Since it was first given in 1926, the SAT has grown and changed to fit the educational demands of the times.
“The best education is one on one. The idea of standardized testing goes completely counter to that idea,” SAT tutor Geoffrey Cole said. “[But colleges] have to have some kind of meter that says everyone who passes [a certain] line can do [a certain number of] things.”
The new SAT more closely resembles the ACT, with writing optional and the penalty for guessing removed.
“[The authors are] trying to make the test more accessible to current students,” Cole said. “If the goal is to prepare you for college, I don’t know if it’s the best idea to make the test easier.”
The new math section draws upon real life situations, and the writing section features words used in professional settings.
“A lot of times those are words that you’re never going to use again,” junior Reeda Virani said. “It’s good to know vocabulary but I think that the new focus on words that we’re actually going to use is a lot better.”

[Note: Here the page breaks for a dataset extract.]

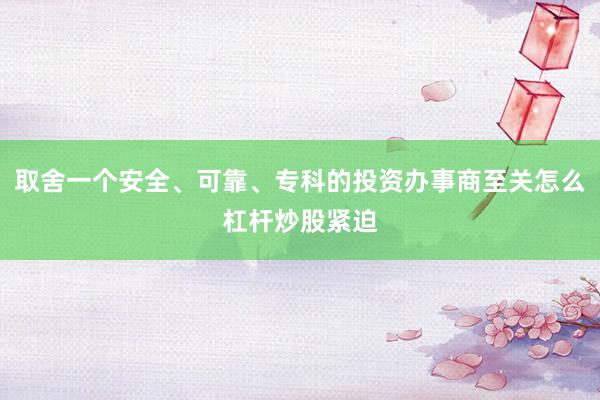 取舍一个安全、可靠、专科的投资办事商至关怎么杠杆炒股紧迫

The biggest challenge for students remains avoiding test anxiety and staying confident.
“The advice I give everybody is take an extra five seconds longer than you think you need to read the question and make sure that you read literally every single word,” Cole said. “Students [misread stuff] on the test very, very easily because they usually get nervous and they’re worried they’re going too fast. Take the extra time, you’ll miss a lot less.”
Ultimately, the authors of the test aim to measure what students learn in high school and what more they need in order to succeed in college.
“When you’re going to take the SAT, don’t worry about it as much because it’s really not as difficult as you think,” Ebin said. “Still study, but don’t beat yourself up over it.”